If I ask myself what is missing in the formula above, I keep coming back to the concerns about the patient and the realization that until healthcare leaders expand their universe to include being leaders in the effort to improve the social determinants of health and improving our political environment to one of bipartisan problem solving, the Triple Aim is an impossible reach. Don had something to say about that as well:

 

I can not imagine an American society that is healing without a commitment to care of the vulnerable, protection of the disadvantaged, the pursuit of social justice and equity, the repair of our criminal justice system, a whole bunch of what I regard as progressive policies which are currently under a very dark cloud given the national ethos and our national leadership today.

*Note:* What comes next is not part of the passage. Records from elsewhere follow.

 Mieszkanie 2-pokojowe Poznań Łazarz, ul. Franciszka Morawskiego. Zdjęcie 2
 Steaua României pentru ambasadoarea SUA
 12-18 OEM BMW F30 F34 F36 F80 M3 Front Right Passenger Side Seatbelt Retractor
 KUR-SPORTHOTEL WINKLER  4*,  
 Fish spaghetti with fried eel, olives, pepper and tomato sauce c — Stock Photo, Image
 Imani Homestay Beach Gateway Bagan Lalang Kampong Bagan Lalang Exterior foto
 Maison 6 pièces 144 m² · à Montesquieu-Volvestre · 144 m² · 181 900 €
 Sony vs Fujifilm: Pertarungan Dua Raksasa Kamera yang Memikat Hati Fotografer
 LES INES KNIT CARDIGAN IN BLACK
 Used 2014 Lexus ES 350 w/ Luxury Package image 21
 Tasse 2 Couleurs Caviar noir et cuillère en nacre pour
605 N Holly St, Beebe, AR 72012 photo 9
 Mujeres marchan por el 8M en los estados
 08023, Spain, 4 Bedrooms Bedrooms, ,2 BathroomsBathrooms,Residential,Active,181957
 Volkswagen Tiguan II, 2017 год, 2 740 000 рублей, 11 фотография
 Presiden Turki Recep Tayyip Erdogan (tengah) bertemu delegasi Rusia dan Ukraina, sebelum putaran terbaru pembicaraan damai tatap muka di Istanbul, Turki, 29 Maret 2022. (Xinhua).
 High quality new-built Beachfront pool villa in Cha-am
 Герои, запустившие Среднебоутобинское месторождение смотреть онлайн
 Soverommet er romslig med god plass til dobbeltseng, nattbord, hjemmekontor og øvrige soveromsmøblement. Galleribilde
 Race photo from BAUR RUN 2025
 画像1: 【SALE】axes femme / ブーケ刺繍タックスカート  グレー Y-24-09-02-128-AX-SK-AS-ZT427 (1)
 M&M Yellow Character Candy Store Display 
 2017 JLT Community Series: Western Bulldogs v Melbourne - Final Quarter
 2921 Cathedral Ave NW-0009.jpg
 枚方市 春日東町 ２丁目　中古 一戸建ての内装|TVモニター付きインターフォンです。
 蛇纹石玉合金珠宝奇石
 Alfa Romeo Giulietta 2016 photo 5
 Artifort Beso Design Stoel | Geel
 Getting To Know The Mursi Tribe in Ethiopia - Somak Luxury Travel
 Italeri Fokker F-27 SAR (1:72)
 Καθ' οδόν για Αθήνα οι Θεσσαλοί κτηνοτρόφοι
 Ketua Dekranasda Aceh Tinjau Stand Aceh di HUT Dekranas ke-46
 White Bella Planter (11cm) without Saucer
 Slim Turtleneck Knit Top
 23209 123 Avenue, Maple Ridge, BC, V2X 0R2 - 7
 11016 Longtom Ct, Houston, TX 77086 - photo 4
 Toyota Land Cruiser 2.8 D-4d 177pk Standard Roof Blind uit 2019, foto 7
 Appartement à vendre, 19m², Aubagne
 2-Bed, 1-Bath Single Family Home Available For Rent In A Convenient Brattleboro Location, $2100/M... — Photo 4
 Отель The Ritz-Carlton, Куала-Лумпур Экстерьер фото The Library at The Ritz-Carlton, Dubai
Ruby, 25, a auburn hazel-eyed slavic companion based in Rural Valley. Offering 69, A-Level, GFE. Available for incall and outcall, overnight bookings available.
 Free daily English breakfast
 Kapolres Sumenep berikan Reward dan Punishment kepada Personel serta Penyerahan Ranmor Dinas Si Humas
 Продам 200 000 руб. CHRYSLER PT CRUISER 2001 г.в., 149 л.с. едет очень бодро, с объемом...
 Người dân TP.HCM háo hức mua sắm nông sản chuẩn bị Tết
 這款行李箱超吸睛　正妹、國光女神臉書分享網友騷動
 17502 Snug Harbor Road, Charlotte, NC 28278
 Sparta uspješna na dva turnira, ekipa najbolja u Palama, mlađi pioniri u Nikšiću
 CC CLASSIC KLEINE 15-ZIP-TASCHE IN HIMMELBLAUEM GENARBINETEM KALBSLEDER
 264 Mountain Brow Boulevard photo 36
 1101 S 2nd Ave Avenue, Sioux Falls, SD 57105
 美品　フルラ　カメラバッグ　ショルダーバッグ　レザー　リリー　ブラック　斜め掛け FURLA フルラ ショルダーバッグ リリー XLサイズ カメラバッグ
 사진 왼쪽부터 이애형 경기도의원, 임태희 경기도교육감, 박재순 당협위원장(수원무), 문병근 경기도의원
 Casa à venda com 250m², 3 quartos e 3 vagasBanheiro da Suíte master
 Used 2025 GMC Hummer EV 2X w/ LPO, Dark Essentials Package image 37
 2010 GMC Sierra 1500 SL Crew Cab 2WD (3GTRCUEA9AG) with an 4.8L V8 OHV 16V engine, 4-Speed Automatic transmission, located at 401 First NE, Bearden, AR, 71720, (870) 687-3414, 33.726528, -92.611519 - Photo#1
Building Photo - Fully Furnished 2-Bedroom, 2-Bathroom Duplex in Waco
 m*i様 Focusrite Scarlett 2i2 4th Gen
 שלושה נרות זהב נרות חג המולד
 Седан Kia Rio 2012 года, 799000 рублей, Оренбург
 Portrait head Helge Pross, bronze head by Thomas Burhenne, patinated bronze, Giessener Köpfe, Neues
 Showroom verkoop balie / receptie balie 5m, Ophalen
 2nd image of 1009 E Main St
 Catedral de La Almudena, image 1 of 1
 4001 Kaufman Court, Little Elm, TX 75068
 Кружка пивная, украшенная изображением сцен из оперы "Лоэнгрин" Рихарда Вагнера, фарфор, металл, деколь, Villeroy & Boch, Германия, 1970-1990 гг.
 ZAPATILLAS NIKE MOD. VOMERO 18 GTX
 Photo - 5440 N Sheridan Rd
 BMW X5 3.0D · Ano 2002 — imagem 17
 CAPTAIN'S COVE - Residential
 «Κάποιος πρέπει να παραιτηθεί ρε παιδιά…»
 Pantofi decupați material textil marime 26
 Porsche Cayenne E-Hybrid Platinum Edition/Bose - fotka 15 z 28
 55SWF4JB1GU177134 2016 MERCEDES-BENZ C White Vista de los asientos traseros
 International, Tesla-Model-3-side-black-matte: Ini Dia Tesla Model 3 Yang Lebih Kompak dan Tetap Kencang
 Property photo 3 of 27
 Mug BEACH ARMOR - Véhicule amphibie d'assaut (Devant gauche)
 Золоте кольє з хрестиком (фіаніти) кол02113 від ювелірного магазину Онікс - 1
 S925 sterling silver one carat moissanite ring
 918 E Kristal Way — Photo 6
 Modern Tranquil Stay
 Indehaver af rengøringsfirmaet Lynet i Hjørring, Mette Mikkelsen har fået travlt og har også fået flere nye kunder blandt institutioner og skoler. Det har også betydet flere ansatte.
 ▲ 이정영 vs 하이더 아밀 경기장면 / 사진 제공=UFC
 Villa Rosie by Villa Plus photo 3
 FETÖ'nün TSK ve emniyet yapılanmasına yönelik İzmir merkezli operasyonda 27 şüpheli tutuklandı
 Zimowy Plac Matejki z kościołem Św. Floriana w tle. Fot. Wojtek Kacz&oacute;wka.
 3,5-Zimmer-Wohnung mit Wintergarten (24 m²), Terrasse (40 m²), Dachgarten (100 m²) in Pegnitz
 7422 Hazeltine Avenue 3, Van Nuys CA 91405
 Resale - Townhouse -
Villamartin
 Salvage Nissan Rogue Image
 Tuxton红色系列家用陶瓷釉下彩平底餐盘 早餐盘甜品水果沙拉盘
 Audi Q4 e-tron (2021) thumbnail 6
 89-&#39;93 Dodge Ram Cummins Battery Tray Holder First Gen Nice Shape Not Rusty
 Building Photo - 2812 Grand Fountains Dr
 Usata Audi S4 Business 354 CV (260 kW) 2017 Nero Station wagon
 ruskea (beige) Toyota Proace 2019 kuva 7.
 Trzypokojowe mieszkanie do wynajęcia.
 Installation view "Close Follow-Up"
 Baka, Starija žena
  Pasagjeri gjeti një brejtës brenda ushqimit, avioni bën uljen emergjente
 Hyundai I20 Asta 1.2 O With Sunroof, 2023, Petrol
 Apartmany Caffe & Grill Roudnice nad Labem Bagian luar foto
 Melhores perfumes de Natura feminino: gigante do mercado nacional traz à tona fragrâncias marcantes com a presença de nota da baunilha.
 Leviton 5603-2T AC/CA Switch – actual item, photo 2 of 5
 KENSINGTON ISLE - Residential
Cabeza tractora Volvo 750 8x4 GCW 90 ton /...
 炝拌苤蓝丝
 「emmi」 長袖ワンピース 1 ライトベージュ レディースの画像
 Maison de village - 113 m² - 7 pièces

It’s not OK. I just can’t help making a plea to the professionals who are listening to you in this podcast to be active in restoring a sense of social justice as a primary foundation for our nation. And if the politicians currently in charge won’t do it, and they won’t, then I think professionals have a duty, just as they do to the improvement of the system. They have a duty to the improvement of the moral foundations of the nation, and that for me is a part of Era 3, as well. So, excuse the political excursion here, but it is a time to speak up because what is going on is not OK.

 

When I left the meeting I was not sure what Simpler would be doing over the next year, but I did know that I had a renewed sense of purpose. There is too much for any one person to do, but there is much that we can accomplish together, if we acknowledge our interdependence, seek to become effective leaders, or follow effective leaders, and never forget why we do what we do, and what our goal is.